The traditional organisation is led by a traditional leader. The traditional leadership is focused on improving, streamlining, standardising and cutting costs. This requires managers who are goal-oriented, strong-willed, results-oriented, and can show the direction with the whole hand.
The leader should have a broad experience, on which he (the leader is usually a man) can make his decisions. The traditional leader builds a hierarchical organisation and focuses on getting the management team to work well together, pulling in the same direction and ensuring that the decisions are implemented. He recruits the best employees he can find based on the applicants’ qualifications, merits and past experiences. He also values efficiency and achieved results. The ideas of the employee ideas are happily embraced, as long as they do not appear to be inaccurate or unrealistic – in such cases, the manager’s task is to intervene. The traditional leader also has a wide contact network of like-minded peers where he can find strenght, inspiration and impetus for change.
The vast majority of managers emphasise the importance of creativity and express their personal support for a creative climate within their organisation and a willingness to take care of the creative ideas of their employees. However, when it comes to the harsh reality, it often happens that the support does not go beyond words if the same manager is not first convinced that the idea will bear fruit and be profitable. And in that assessment, he often uses his own experiences and reference frameworks. As I wrote in a previous blog post, experience very quickly becomes patterns in the brain that are very difficult to break. It goes without saying that this does not represent the best basis for a bold new thinking and true creative climate in the workplace.
To be successful in a competitive environment, it is therefore necessary that the qualities of traditional leadership be complemented by a creative leadership. In contrast to the traditional leader, the creative leader leads through inspiration based on a sharp vision of where to go. He or she (a new generation of creative leaders also includes many women) challenges existing rules, processes and business models, and tries to find innovative ways to address tomorrow’s problems. The creative leader spends more time on strategy than on operational issues delegated as far as possible. Personnel policy focuses on capturing and strengthening the employees’ innovative potential. New employees are not recruited solely based on past merits, but equally based on potential and creativity. New ideas, risk-taking and a safe and playful mood are encouraged and ideas received from the entire organisation, no matter who came up with them. Divergent opinions are encouraged as long as they concern things and not people. The technology is there to be able to do things differently.
A genuinely creative leadership is not primarily to direct and show the way, but to dare (really dare) to bring out the creative employees and the creative ideas, that is to create the conditions for a good internal work life for the employees. The foundation is a direction based on a strong vision, but once it is well defined and well communicated, much of the leadership is dedicated to creating the conditions for the creative processes, but also daring to let go and embarking on uncharted waters.
Creative leadership has four key key tasks:
- To meet tomorrow’s challenges
- Take care of the staff and nurture them
- To support a creative working climate
- To support a creative physical and social environment
This leadership is not only creative but also creativity-promoting, and is the foundation of an organisation that combines the leader’s own ability and capacity to be creative, and his/her ability to promote the creativity of the staff and the employees’ ability, willingness and capacity to express their creative capabilities.

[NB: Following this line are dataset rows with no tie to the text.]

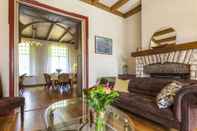 Khu vực công cộng Very Centrally and Peacefully Located, Cosy and Comfortable Group Accomodation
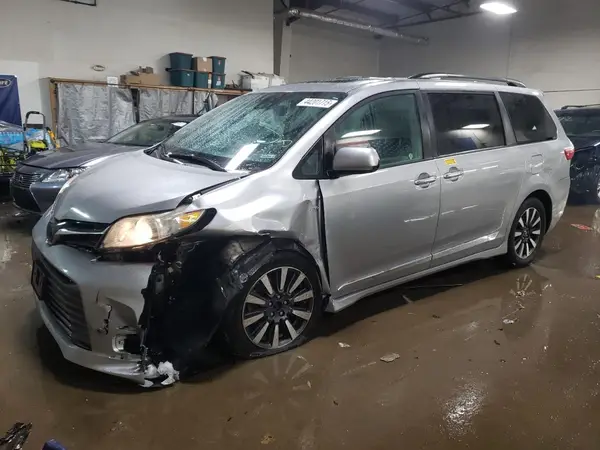 5TDDZ3DC1JS197031 2018 TOYOTA SIENNA - Image 1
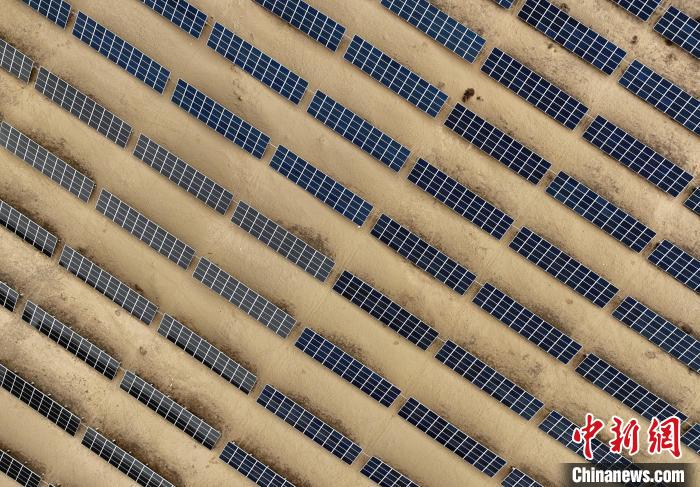 圖為航拍青海省海南藏族自治州共和縣塔拉灘光伏產(chǎn)業(yè)園?！∑钤鲚?攝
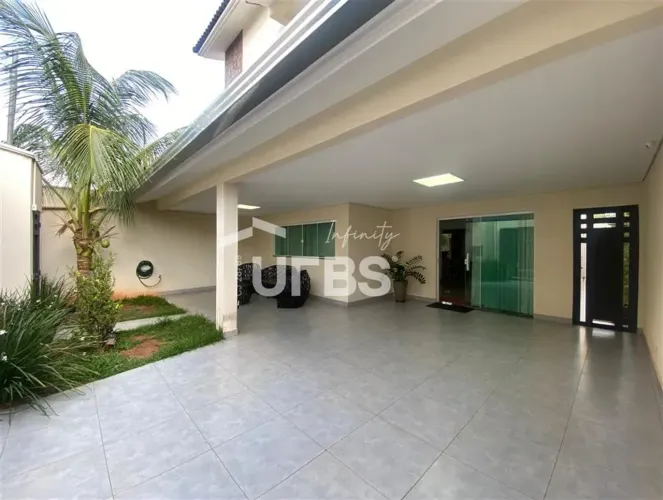 Casa com 250m² 4 quartos à venda no bairro Jardim Patrícia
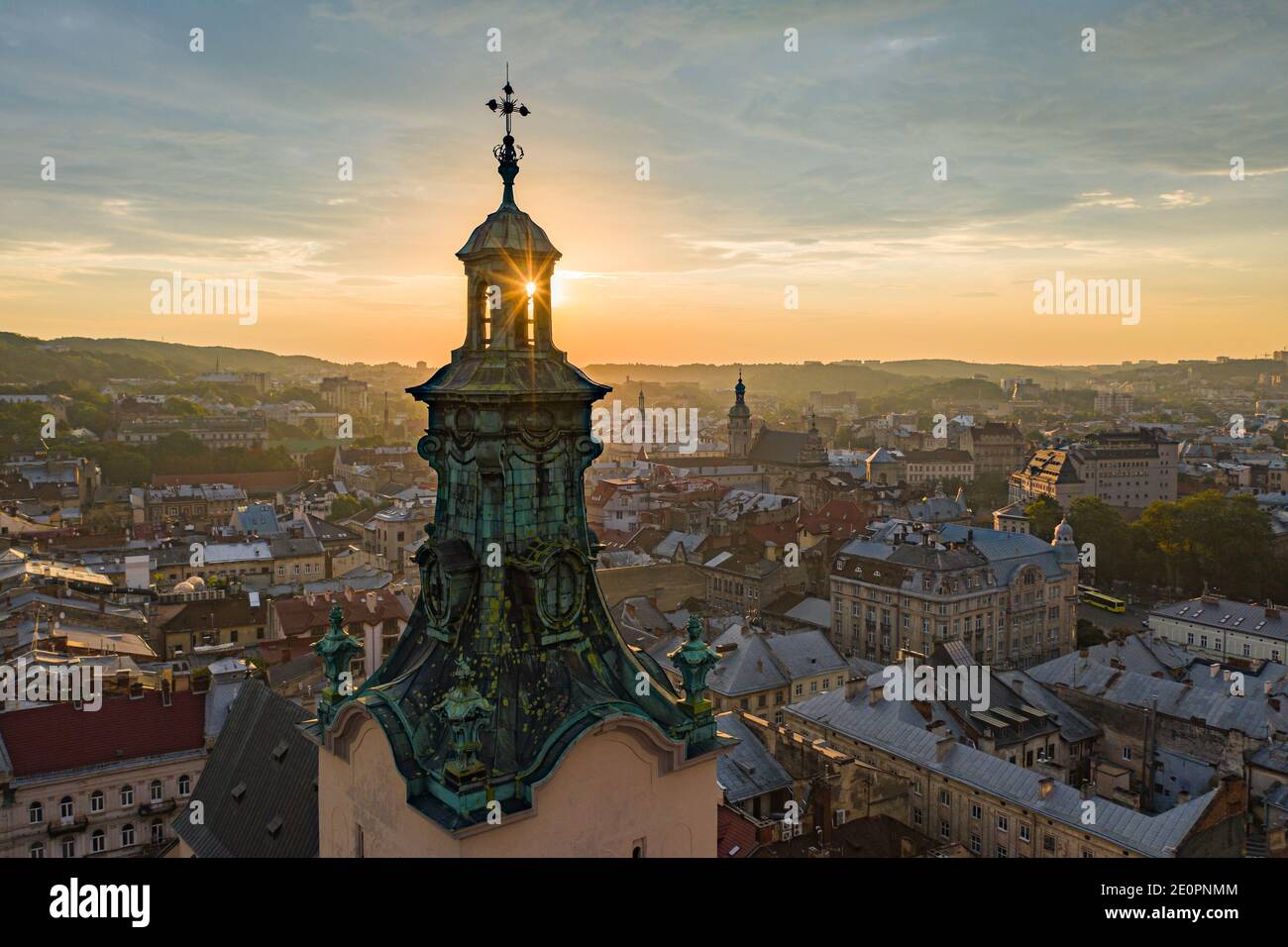 Lviv, Ukraine - 25. August 2020: Blick auf die lateinische Kathedrale in Lviv, Ukraine von Drohne Stockfoto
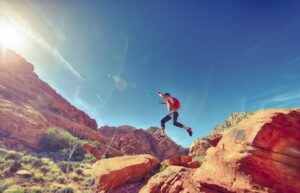 Lire la suite à propos de l’article Comment rester actif en voyage : conseils pour les voyageurs sportifs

The more creativity required by the organisation, such as in advertising, design, game development, product innovation and service development, the more important it is to fully drive in this direction with courage and consistency. If you work in areas that require less everyday creativity, such as accounting or public administration, the room for creative manoeuvres may not be as big, but also in these areas there is a constant need to challenge current methods and processes. Courage, creativity and job satisfaction are needed in all workplaces.
The creative leadership does, however, not rule out the qualities of traditional leadership. Just as a an organisation needs to develop its core business to become better, cheaper and more efficient while at the same time focusing on innovation, the leadership needs to take care of both production and innovation. The two leadership models should rather be seen as complementary to each other, a leadership yin and yang, but where creative leadership is allowed to dominate wherever possible depending on the size and structure of the organization and the business objectives.